Глухая ночь. Деревенский дом. Надвинулись сугробы и льды. Звездное дикое небо. А в доме два человека, их озаренные пониманием лица, громкие, как вспышки, слова. Она, Антонина, ловит в себя эти вспышки, и ей горячо, ей просторно. Она их любит обоих.
— Продолжайте, продолжайте, я слушаю!
— Нас разорил губитель. Большой, малый, средний. Он захватил нас, взял в полон. Он погубил великое дело! И он же теперь сам у нас на глазах умирает. Он больше не может властвовать. Он упускает власть. Настала пора его удалить! Не убить, не свергнуть, не поставить к стенке, не поднять на дыбу, не погнать по этапу, не утопить на барже в Белом море, не расстрелять на колымских снегах. Просто за рукав взять и увести со сцены. И он послушно уйдет, потому что пьеса его кончена, власть его зачахла, а настала пора творителя. Его, его пригласить на сцену! Его поставить во главе дела! И дело оживится повсюду. Все оживет, все украсится. Рядом с ним возникнут таланты. Вокруг него родятся прекрасные мысли. На его зов явятся умельцы и умницы во всех областях. И мы расцветем! Люди поймут и поверят… Вот вам пример — я был слеп и прозрел! Прежде я действовал как губитель. Подгонял подводы, на которые сажали крестьян, «раскулаченных», как их тогда называли. Стон и плач стоял по дворам, а я подгонял подводы… Я разрушал колокольню в Никольском. Долбили зубилами стену и нишу подпирали поленом. Опять долбили и опять подпирали. Облили керосином, подожгли, и. когда выгорела крепь, колокольня накренилась и рухнула. Я, я долбил колокольню! В войну перед строем расстреливал дезертира, мальчишку, крестьянского сына, как щенка! Затюканный, оглушенный, стоял босиком без ремня, а мы его строем расстреливали. Я нажимал на спуск! В хрущевское время я заседал в сельсовете, сводил коров со двора, не давал пасти скотину, запахивал заливные луга, сажал под снег кукурузу. Я, я сажал! Я действовал как губитель! И прозрел! Слишком поздно. Но прозрел и сделал открытие о сутях! Я говорю: настало время увести со сцены губителя и возвести творителя. Вот в чем смысл предстоящей нам бескровной, бесслезной революции! Вот в чем наше современное слово!

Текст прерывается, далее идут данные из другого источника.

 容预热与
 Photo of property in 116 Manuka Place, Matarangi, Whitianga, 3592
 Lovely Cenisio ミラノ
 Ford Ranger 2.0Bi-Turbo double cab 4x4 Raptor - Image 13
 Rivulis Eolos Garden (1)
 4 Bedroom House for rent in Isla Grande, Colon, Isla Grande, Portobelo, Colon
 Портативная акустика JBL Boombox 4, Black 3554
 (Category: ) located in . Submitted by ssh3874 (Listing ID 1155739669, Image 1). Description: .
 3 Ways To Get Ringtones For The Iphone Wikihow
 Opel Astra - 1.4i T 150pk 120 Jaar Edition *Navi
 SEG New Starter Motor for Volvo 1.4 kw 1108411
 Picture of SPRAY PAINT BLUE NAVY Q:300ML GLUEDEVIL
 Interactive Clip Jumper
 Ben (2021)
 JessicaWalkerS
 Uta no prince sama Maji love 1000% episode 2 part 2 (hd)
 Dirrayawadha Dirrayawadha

— Нет, не напрасно мы сюда ехали! — Фотиев повернулся к Антонине, улыбался, ликовал. — Спасибо, что взяли с собой, Антонина Ивановна! Много раз смотрел через озеро, видел колокольню, село. Думал: «Надо мне там побывать. Что-то важное меня там поджидает». А это вы, оказывается, Гаврила Васильевич, вы меня здесь поджидали!.. Ведь «Вектор»-то мой о том же! «Века торжество» — об этом самом, о ваших сутях, о творителе. Он должен выйти на сцену, а губитель — уйти. Мы с вами каждый шли своим путем, своей жизнью, а пришли к одному. И сколько есть еще разных путей, разных жизней, а ведут к одному. Нет, мы не можем погибнуть! Мы возродимся, одолеем болезнь! В этом наша современная мысль и слово!

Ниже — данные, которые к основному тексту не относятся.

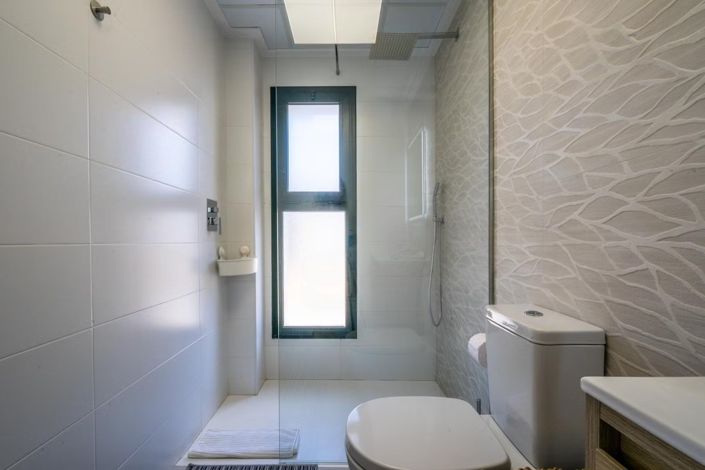 Image No.14-2 Bed Apartment for sale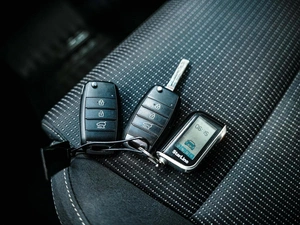 Внедорожник Kia Sportage 2017 года, 2049000 рублей, Красноярск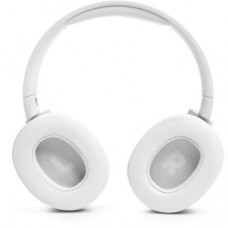 Наушники JBL Tune 720BT White (JBLT720BTWHT) - Фото
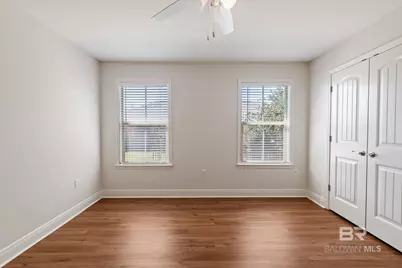 504 Charing Cross Street, Fairhope, AL 36532 - Photo 32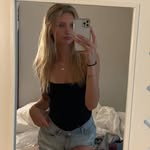 anna linnea - @annalinneacarlson - Instagram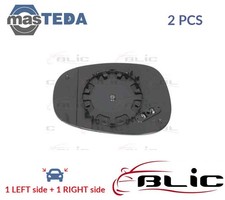 6102-02-1271811P REAR VIEW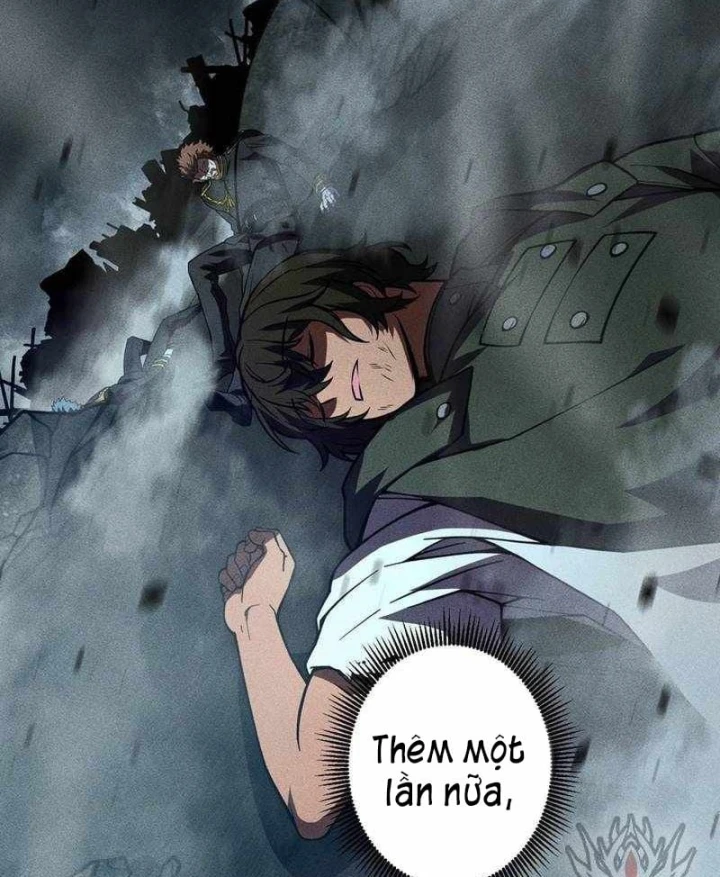 Anh Hùng Tái Xuất Học Viện Chapter 47 - 191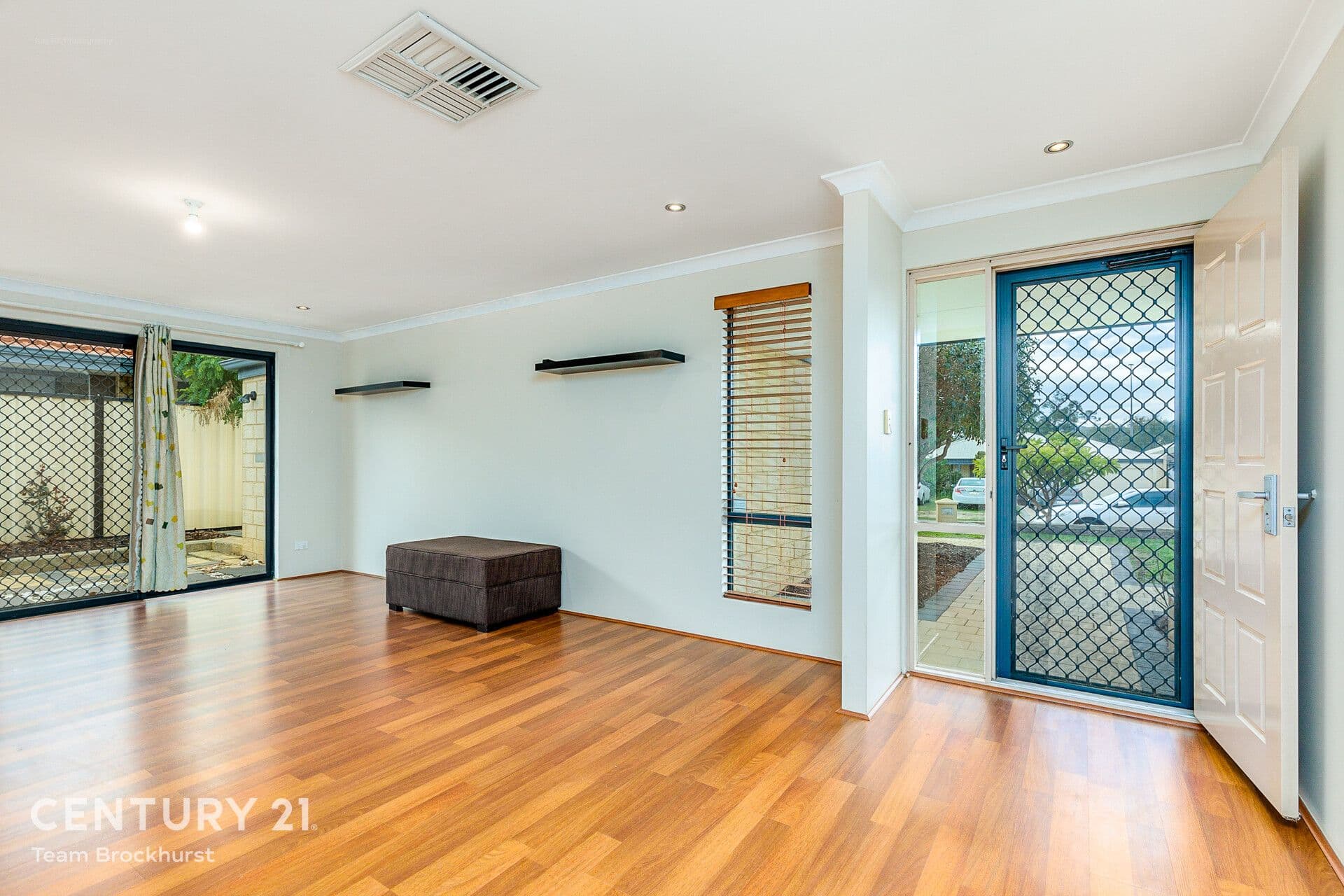 7/10 Warton Rd, Huntingdale, WA, 6110, Kenwick - Thumbnail 5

— Как долго я ждал вас! Знал, что придете! Звал, голосил, трубил, стоном стонал — никто не услышал. А вы услыхали! Писал, рассылал телеграммы, статьи во все газеты — не услышали. А до вас дошли мои письма! Сын родной, Володя, моя кровь, моя плоть. Сколько с ним было говорено, сколько читано! Нет, не пошел за мной. Пошел дорогой губителя. А вы откликнулись. Вы — творитель! Вы мне как сын. Вам завещаю мои мысли и заповеди. Вам отдаю мою «Книгу утрат». Скоро ее закончу, позову вас и вам передам. Вы, я уверен, ее сохраните и строка за строкой, беда за бедой выпишете новую книгу. «Книгу обретений», как вы ее назвали. Не сыну, а вам завещаю!
Антонина слушала их. Темная рябь пробежала по комнате. Предчувствие близкой беды, неминуемых, уготованных им мучений. Оба они, в своей светлой наивности, вере, в своем уповании на благо, беззащитны, обречены. Мгновенье, и слепые грозные силы ударят в дверь, выломят ветхие рамы, хлынут на стол, на часы, на портреты. И там, где они сидят, верящие, нашедшие друг друга, будет глухой донный ил, обломки исчезнувшей жизни.